Event Volatility
Variance is additive, so a single date's contribution can be weighed on its own.
Quick answer: Event volatility is the portion of an option's implied volatility attributable to a single scheduled event — such as an RBI decision or the Union Budget — isolated by treating total variance as the sum of an ordinary diffusive component and a concentrated one-day event component.
In simple words
An option that spans a big scheduled event is really charging for two different things at once: the ordinary, everyday wobble of the market on all the normal days, plus one extraordinary day when the announcement lands. Event volatility is a way of separating those two charges. Because variance — volatility squared, times time — simply adds up across independent days, you can subtract the ordinary background wobble from the option's total and be left with the piece that belongs to the event alone. Do that and you can answer a genuinely useful question: how big a one-day move is the market actually pricing for budget day, or for the RBI decision?
This matters because the headline implied volatility on an option that contains an event is misleadingly high — it is blending a normal market with one special day. If you compare that inflated number to a normal level and conclude 'volatility is high', you have missed that almost all the excess is one dated event that will resolve and crush.
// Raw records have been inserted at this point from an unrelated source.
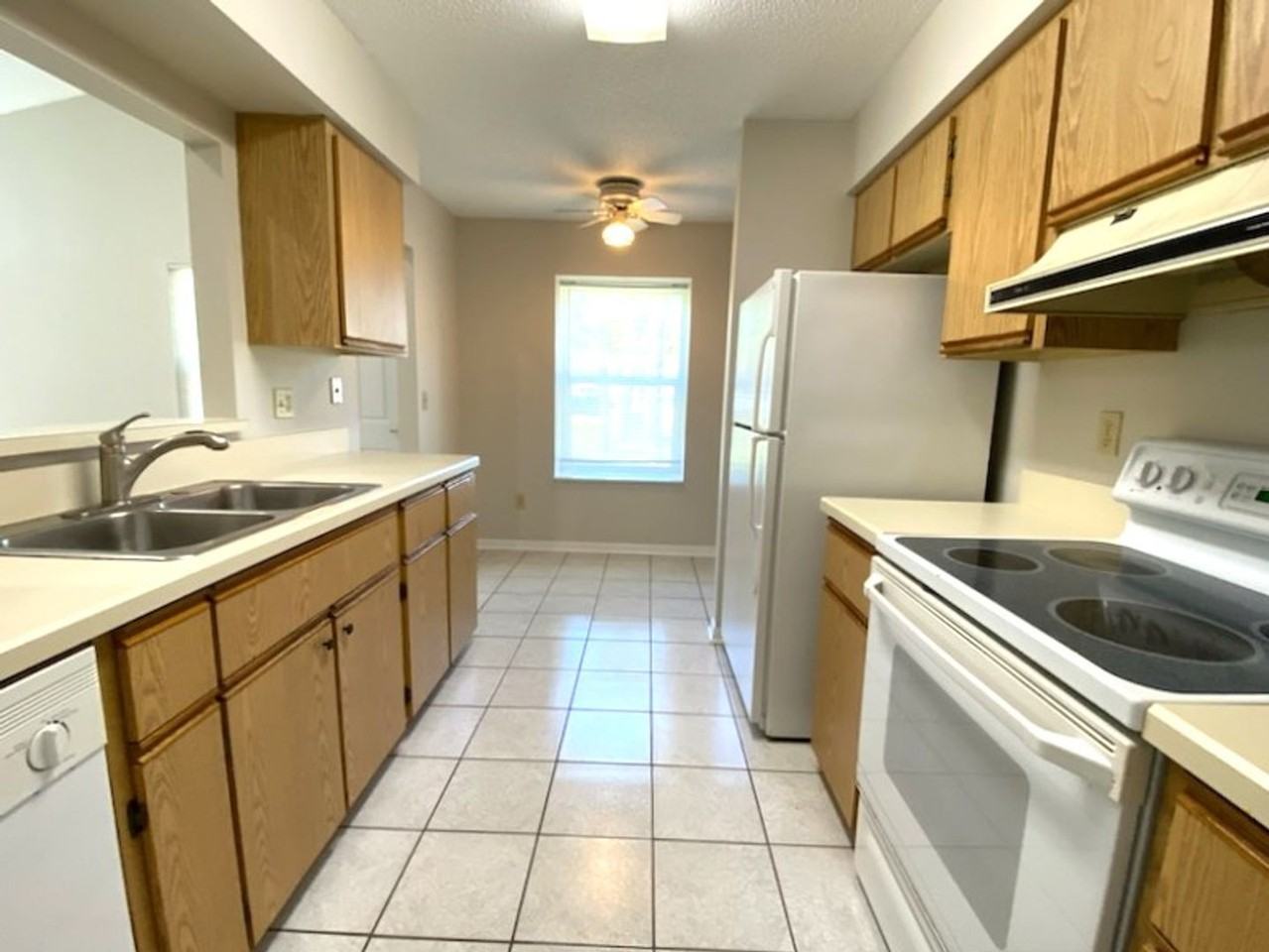 110 Bob White Ct - Photo 2 of 15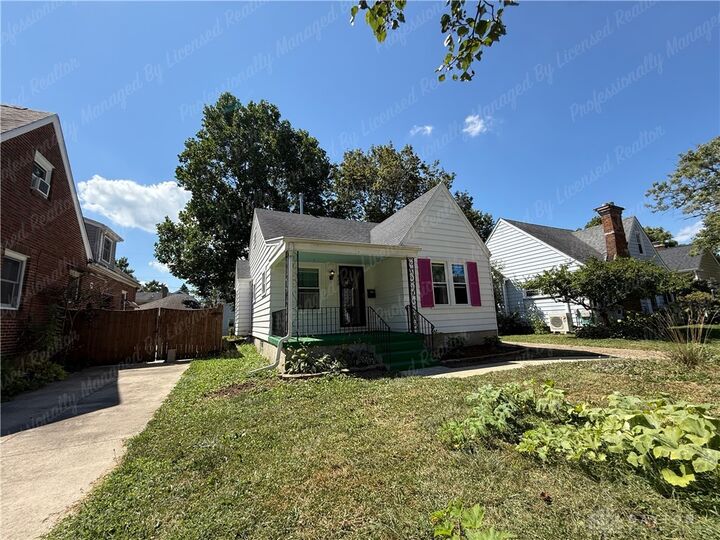 Property Photo: 820 Buckingham Road OH 45419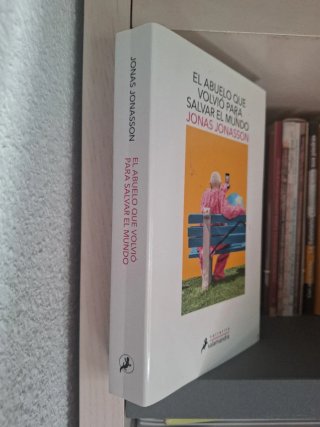 El abuelo que volvio para salvar al mundo / J.J.
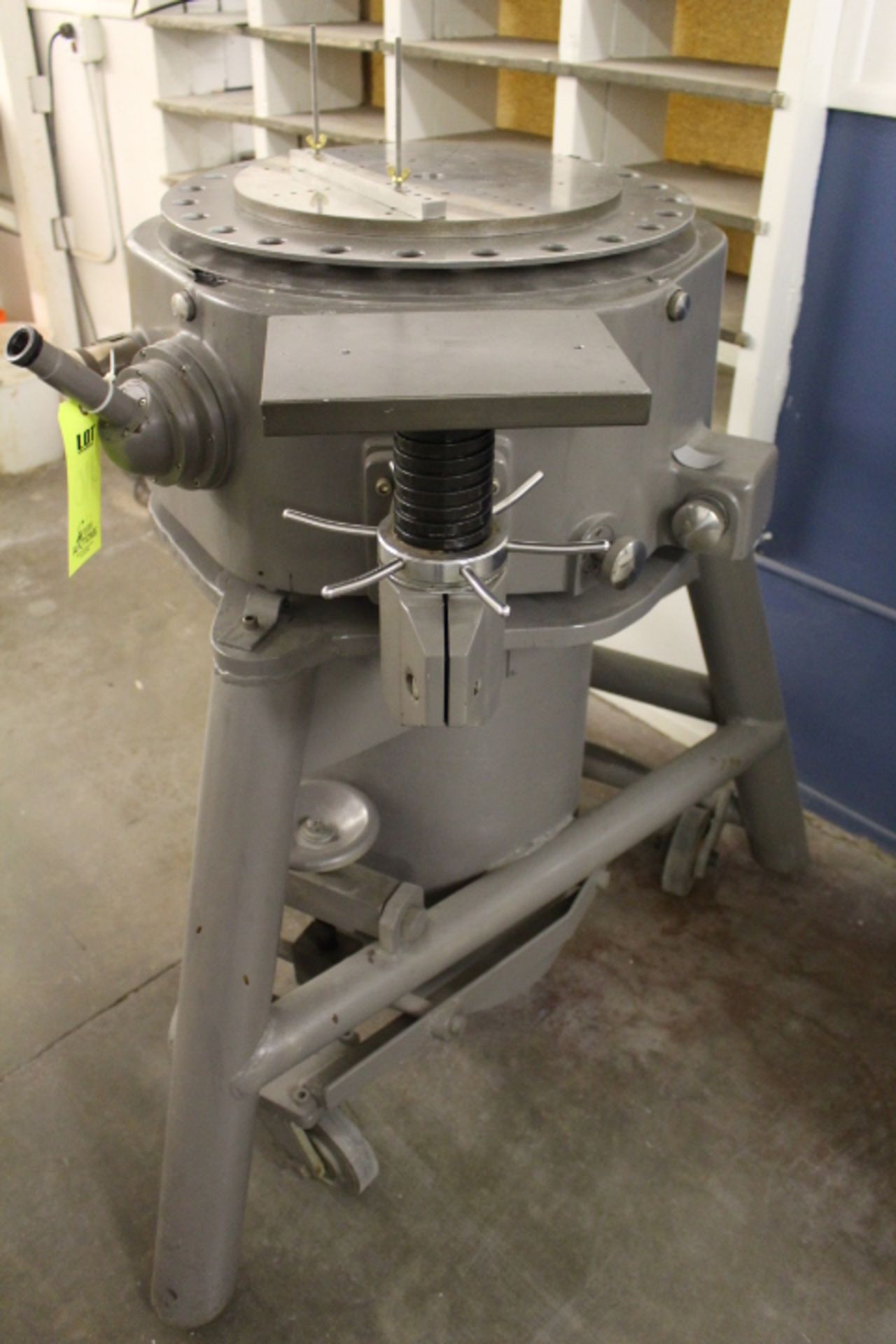 SPENTROMETER TABLE DAVIDSON, MODEL D-620, S/N 1567, WITH 16" PRECISION GROUND MOUNTING PLATE - Image 3 of 5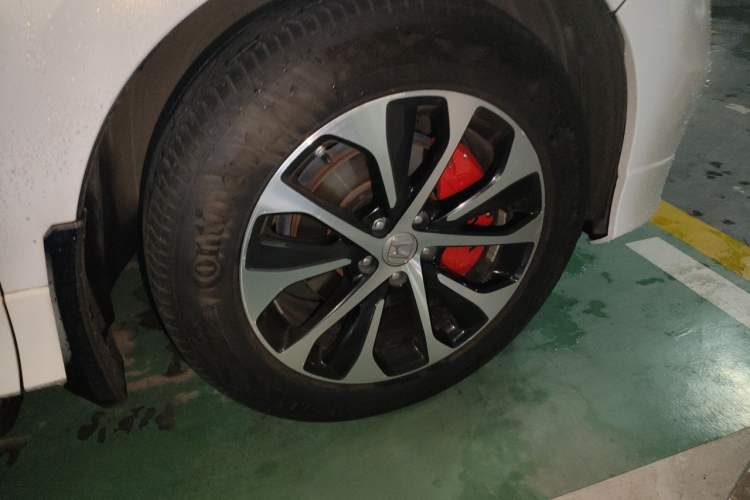 Used Honda Avancier 2017 240TURBO Two-Wheel Drive Comfort Version Right Front Wheel Hub
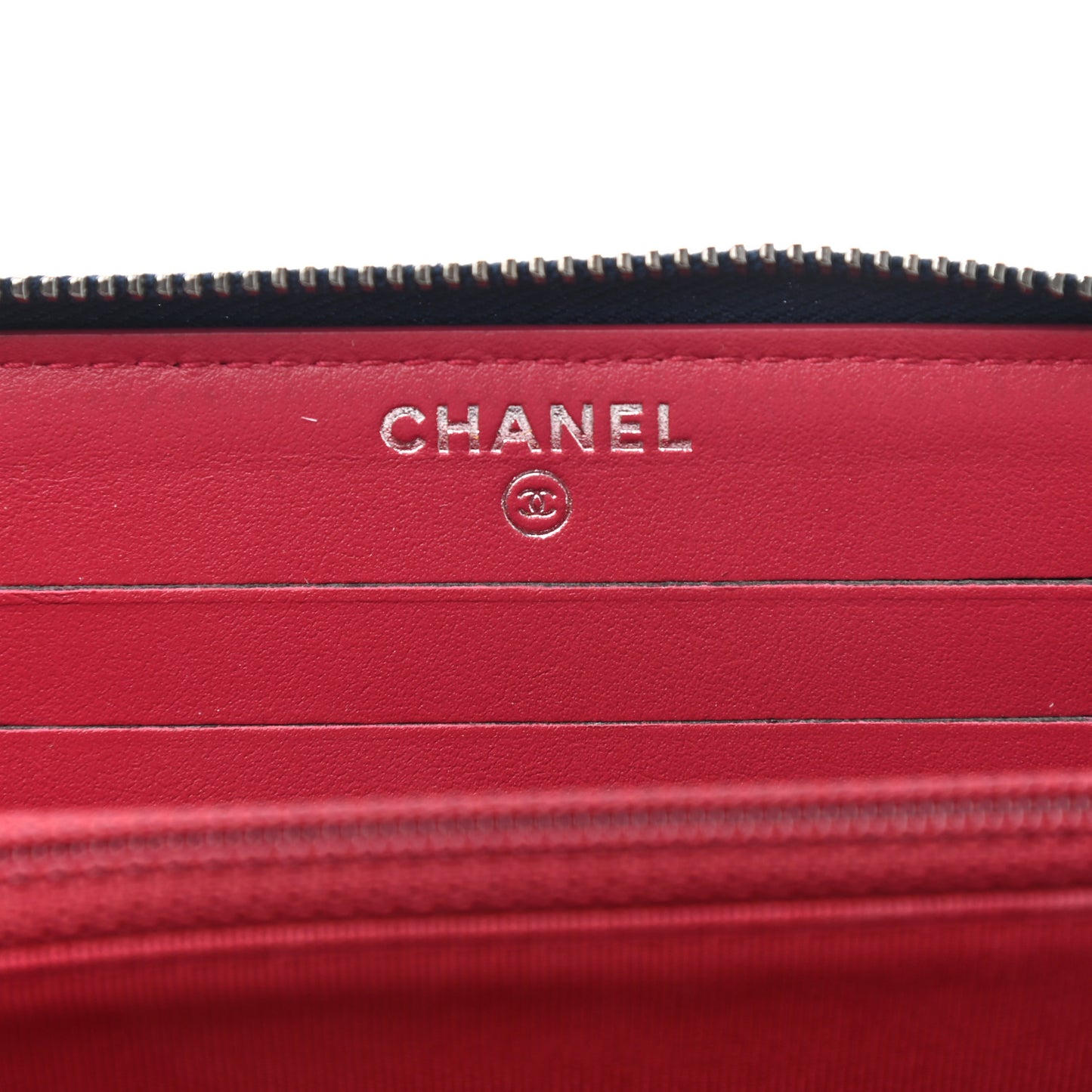Aged Calfskin Quilted Small Gabrielle Zip Around Wallet Blue Black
Splitting it out tells you how much of the premium is the event, and therefore how much will disappear the moment the event passes.
The picture
One expiry carries the event; the others dilute it
At-the-money implied volatility across expiries bracketing a scheduled event date.
Professional explanation
Variance adds; volatility does not
The entire method rests on one property: variance is additive across independent time periods, while volatility — its square root — is not. If ordinary days each contribute their own variance and the event day contributes a much larger one, the total variance over the option's life is simply their sum. This is why you cannot just subtract a normal volatility from an event volatility and get anything meaningful — you have to work in variance, add and subtract there, and only take the square root at the end. Every mistake people make decomposing event volatility comes from doing the arithmetic in volatility units instead of variance units, and the correction is always the same: square first, subtract, then square-root.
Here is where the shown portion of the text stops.